Starbucks said on Wednesday it would close more than half of its stores in China, and hotpot chain Haidilao International Holding said it would temporarily close all of its locations in the mainland as the deadly Wuhan coronavirus worsened.
China is the Seattle-based coffee chain’s largest market outside the United States and has been seen as a major area of growth in its international business by Starbucks chief executive Kevin Johnson. Starbucks had 4,292 stores in China at the end of 2019.
The company said it expected the closures to be temporary, but did not give a timetable for when it would reopen stores. It said it would monitor and modify operating hours for all of its outlets in the mainland in response to the viral outbreak.
Starbucks said it could not estimate the duration of the disruption or how it would reduce customer traffic, but expected the outbreak would “materially affect” its financial results for the second quarter and the full year.
“As events unfold, we will be transparent with all stakeholders in communicating how we are responding to these extraordinary circumstances and the implications for our near-term business results,” Johnson said. “We remain optimistic and committed to the long-term opportunity in China.”
The company’s international segment, which includes China, reported a 20 per cent gain in operating income to US$275.9 million in its financial first quarter. Overall, Starbucks said that its net income rose 16.4 per cent to US$885.7 million in its first quarter.
The quickly spreading strain of coronavirus is believed to have originated in a wet market in Wuhan.
The outbreak has prompted public health officials in China to cancel mass gatherings to celebrate the Lunar New Year holiday and lock down at least 13 cities in Hubei province near the epicentre of the outbreak. The State Council, China’s chief administrative authority, extended the public holidays in the mainland by another two working days to February 2 in the hopes of containing the spread of the viral outbreak.
Haidilao, China’s largest hotpot chain, said it would suspend operation of its restaurants in the mainland until Friday, but not in Hong Kong, Macau or Taiwan. As of the end of June, Haidilao operated 550 restaurants in 116 cities in mainland China.
“If the suspension needs to be extended in response to the development of the epidemic and relevant government policies, the company will make further announcements in due course,” the company said in a stock exchange announcement late on Tuesday.
Shares of Haidilao rose 1 per cent to HK$30 in early trading in Hong Kong on Wednesday.
Jefferies analyst Anne Ling said the move to close Haidilao locations in the mainland was “prudent” given popular hotpot restaurants tend to be in high traffic areas and many malls are closing early or temporarily shutting down for several days.
“Sales from the mainland accounted for 91 per cent of the operation of which around 2 [percentage points] is delivery,” Ling said in a research note on Wednesday. “Average sales per day was around [67 million yuan].” The six day closure is equal to 1 per cent to 1.5 per cent of estimated 2019-2020 sales, said Ling.
Yum China and McDonald’s have also closed locations in China in response to the outbreak.
The closure of stores and restaurants by companies ranging from Haidilao to Ikea shows the delicate line that firms are having to balance as health officials try to stem the crisis, which has echoed the Sars epidemic in 2003.
Sars (severe acute respiratory syndrome) afflicted more than 8,000 people in 37 countries worldwide and killed 299 people in Hong Kong.

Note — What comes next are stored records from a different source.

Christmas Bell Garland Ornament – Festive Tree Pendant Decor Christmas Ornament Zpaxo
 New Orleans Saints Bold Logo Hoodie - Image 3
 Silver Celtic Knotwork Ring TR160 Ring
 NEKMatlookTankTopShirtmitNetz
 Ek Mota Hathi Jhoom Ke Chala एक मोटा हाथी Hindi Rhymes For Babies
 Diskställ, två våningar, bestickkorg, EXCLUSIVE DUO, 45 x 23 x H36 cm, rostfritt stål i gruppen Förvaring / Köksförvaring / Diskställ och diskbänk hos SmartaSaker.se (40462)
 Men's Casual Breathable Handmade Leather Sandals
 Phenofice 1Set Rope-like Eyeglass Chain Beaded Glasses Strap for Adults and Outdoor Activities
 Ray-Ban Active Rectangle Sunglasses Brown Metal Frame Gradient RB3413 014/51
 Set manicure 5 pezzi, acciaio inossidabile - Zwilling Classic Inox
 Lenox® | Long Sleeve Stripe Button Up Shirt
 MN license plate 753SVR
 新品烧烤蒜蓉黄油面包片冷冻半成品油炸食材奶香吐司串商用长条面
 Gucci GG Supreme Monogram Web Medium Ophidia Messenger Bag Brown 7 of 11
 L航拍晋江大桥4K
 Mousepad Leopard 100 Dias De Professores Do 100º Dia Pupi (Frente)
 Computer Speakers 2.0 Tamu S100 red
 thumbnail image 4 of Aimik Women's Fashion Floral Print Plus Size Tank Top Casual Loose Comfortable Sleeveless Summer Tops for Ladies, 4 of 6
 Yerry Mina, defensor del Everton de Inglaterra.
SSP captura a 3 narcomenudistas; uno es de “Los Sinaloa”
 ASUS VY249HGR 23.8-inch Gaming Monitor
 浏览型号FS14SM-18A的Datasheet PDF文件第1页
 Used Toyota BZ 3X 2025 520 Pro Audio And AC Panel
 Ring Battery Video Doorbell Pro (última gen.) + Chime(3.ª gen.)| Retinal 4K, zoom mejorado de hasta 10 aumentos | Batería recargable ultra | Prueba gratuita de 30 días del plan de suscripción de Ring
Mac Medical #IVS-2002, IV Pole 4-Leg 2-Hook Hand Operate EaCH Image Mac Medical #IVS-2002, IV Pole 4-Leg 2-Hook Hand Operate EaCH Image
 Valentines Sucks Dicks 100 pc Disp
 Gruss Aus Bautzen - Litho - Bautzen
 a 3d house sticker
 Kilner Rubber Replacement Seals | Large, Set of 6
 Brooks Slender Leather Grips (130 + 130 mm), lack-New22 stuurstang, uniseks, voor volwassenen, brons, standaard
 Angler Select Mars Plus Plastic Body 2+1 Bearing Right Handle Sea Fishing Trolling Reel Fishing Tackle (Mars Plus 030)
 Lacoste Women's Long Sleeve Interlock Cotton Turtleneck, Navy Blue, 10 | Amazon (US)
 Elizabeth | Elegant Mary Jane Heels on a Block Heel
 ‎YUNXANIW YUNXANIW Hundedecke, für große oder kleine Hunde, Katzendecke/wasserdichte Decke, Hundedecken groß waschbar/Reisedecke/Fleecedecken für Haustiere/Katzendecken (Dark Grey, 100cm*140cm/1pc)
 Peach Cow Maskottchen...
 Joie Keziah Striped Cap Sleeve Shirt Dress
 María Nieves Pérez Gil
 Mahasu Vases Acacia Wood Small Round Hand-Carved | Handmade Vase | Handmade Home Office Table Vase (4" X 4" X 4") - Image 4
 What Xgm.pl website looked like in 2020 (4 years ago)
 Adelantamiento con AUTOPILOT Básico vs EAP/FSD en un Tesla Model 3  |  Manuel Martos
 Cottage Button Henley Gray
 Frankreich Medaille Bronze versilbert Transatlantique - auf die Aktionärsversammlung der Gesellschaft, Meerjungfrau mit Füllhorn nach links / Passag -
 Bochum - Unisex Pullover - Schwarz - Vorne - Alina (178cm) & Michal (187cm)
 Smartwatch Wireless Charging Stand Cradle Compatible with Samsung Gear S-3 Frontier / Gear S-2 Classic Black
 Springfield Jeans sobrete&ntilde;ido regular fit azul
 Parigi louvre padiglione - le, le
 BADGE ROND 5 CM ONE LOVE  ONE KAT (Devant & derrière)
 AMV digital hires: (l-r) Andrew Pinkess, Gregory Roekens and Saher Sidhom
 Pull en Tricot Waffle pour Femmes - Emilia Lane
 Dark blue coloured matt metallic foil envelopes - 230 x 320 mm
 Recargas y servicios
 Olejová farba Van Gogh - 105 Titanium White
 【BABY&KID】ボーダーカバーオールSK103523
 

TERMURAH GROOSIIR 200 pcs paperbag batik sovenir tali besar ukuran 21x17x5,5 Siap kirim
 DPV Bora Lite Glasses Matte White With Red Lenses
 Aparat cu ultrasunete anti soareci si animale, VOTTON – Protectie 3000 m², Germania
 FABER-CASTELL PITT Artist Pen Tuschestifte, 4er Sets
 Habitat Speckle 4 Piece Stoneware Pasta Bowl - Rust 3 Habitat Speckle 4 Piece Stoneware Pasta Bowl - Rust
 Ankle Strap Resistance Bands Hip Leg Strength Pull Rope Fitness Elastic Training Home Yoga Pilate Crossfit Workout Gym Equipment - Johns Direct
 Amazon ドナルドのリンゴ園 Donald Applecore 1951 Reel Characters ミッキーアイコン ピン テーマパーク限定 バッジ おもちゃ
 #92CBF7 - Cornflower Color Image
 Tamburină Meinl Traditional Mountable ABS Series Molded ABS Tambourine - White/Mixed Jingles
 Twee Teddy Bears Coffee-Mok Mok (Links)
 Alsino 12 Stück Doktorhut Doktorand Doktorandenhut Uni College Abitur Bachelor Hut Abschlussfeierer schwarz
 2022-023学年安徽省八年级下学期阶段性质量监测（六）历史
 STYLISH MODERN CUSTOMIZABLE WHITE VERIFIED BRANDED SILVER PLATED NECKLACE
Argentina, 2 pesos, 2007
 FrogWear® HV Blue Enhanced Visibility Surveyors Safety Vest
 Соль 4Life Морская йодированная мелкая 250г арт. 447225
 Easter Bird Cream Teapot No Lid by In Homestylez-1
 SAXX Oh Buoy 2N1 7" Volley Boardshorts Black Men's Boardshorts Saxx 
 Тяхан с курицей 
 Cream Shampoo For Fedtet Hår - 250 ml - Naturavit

It also weighed heavily on the Hong Kong economy and other parts of the Asia-Pacific region.
Businesses in Hong Kong have undertaken a number of measures as the latest coronavirus outbreak has worsened, ranging from offering face masks and hand sanitisers to employees to asking workers who have recently travelled to the mainland to self quarantine for two weeks.
Atsi Sheth, managing director at Moody’s Investors Service, said the outbreak, much like Sars, could have “economic consequences” if it escalates further.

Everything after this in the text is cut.